*Instructions for the task*
Reproduce verbatim, line by line, everything from the line containing "Woman Keyring | Be the woman who went for it" to the last line of the listing below; add nothing.

*Given records*
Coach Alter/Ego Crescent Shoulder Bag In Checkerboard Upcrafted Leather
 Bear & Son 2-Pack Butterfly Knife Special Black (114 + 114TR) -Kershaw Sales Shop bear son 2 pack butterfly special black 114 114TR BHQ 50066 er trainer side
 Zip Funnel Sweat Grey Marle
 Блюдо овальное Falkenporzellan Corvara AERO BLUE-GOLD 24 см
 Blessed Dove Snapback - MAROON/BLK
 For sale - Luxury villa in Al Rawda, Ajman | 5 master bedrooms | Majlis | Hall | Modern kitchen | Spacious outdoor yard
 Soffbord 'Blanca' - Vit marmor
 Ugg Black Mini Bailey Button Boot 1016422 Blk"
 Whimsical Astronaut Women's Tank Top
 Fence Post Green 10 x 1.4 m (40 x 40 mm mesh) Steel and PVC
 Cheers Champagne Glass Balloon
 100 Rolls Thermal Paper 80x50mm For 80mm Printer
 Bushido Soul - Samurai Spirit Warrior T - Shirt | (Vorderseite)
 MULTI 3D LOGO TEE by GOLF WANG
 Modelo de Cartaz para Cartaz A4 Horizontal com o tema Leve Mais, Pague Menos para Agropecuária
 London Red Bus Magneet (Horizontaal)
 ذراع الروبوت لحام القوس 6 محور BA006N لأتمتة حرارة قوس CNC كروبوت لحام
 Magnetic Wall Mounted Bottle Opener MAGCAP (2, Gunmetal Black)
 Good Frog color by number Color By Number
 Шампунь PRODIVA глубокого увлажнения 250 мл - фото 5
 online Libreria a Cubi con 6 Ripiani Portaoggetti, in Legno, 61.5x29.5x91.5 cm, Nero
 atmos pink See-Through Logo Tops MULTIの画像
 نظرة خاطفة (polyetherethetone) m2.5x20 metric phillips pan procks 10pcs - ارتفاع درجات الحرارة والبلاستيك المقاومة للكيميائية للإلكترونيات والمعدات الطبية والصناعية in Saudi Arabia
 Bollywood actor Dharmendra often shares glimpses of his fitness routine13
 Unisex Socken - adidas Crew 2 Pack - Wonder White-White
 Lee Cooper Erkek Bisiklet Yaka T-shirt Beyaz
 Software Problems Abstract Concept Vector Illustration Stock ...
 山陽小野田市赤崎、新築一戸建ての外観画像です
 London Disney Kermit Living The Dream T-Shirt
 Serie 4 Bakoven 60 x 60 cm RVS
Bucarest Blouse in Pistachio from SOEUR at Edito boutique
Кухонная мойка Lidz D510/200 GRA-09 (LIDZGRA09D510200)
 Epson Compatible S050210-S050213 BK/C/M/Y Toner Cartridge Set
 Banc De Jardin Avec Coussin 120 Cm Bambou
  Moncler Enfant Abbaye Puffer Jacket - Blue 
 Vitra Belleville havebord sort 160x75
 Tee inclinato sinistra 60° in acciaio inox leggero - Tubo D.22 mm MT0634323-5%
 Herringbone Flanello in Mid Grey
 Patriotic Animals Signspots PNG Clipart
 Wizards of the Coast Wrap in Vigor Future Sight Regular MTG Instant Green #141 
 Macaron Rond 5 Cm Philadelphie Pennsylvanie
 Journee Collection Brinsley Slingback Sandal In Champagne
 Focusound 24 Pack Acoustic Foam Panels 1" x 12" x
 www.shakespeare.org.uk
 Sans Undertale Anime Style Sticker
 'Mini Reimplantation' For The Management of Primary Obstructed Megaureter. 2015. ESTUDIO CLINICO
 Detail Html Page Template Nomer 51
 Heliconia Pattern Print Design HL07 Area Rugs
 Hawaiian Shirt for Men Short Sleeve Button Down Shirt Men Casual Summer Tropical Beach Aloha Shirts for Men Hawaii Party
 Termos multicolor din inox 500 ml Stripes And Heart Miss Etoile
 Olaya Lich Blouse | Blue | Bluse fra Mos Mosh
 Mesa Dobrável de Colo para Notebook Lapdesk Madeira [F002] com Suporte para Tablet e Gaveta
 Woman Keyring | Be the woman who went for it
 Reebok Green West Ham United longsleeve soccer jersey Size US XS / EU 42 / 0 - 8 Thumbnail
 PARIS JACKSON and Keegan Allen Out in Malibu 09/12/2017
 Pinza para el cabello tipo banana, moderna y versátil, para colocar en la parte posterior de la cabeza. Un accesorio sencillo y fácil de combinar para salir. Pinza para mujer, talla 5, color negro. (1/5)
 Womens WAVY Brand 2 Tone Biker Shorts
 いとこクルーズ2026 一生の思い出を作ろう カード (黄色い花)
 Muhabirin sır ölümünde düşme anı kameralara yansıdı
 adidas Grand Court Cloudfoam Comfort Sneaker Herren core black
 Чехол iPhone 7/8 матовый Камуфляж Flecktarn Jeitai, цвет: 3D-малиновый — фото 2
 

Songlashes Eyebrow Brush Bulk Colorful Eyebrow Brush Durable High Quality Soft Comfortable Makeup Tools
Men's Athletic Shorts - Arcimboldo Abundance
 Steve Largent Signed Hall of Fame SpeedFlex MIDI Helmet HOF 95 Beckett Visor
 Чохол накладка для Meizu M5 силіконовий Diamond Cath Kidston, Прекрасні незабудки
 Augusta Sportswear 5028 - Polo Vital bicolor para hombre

*Your response*
 Woman Keyring | Be the woman who went for it
 Reebok Green West Ham United longsleeve soccer jersey Size US XS / EU 42 / 0 - 8 Thumbnail
 PARIS JACKSON and Keegan Allen Out in Malibu 09/12/2017
 Pinza para el cabello tipo banana, moderna y versátil, para colocar en la parte posterior de la cabeza. Un accesorio sencillo y fácil de combinar para salir. Pinza para mujer, talla 5, color negro. (1/5)
 Womens WAVY Brand 2 Tone Biker Shorts
 いとこクルーズ2026 一生の思い出を作ろう カード (黄色い花)
 Muhabirin sır ölümünde düşme anı kameralara yansıdı
 adidas Grand Court Cloudfoam Comfort Sneaker Herren core black
 Чехол iPhone 7/8 матовый Камуфляж Flecktarn Jeitai, цвет: 3D-малиновый — фото 2
 

Songlashes Eyebrow Brush Bulk Colorful Eyebrow Brush Durable High Quality Soft Comfortable Makeup Tools
Men's Athletic Shorts - Arcimboldo Abundance
 Steve Largent Signed Hall of Fame SpeedFlex MIDI Helmet HOF 95 Beckett Visor
 Чохол накладка для Meizu M5 силіконовий Diamond Cath Kidston, Прекрасні незабудки
 Augusta Sportswear 5028 - Polo Vital bicolor para hombre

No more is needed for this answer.